What you return should be the complete data below, word for word, with no pictures in it.

## RECORDED INFORMATION
....
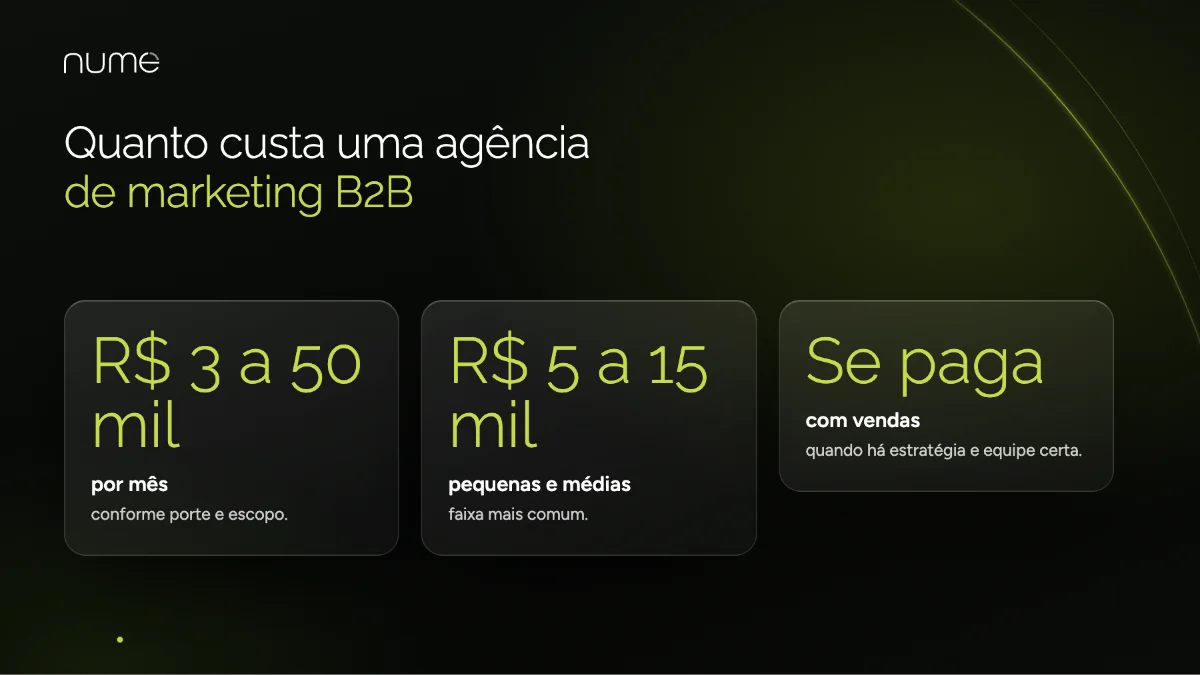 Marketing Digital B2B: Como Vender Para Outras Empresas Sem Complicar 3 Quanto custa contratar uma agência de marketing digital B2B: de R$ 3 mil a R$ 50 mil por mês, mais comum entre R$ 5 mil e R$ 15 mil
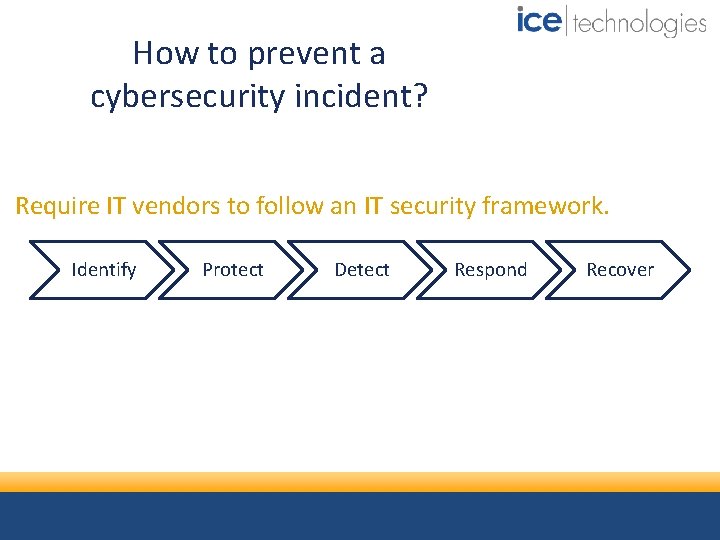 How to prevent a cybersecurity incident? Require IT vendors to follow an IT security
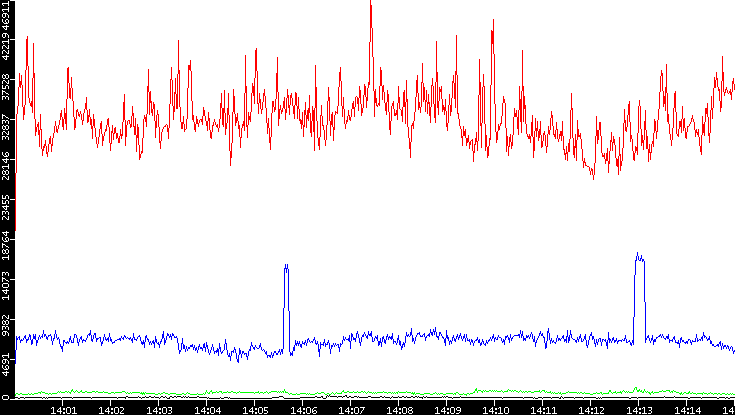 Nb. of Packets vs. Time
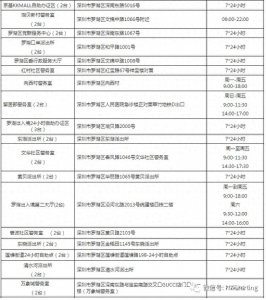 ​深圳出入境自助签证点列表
....
## SOLUTION FOR THIS PROBLEM
 Marketing Digital B2B: Como Vender Para Outras Empresas Sem Complicar 3 Quanto custa contratar uma agência de marketing digital B2B: de R$ 3 mil a R$ 50 mil por mês, mais comum entre R$ 5 mil e R$ 15 mil
 How to prevent a cybersecurity incident? Require IT vendors to follow an IT security
 Nb. of Packets vs. Time
 ​深圳出入境自助签证点列表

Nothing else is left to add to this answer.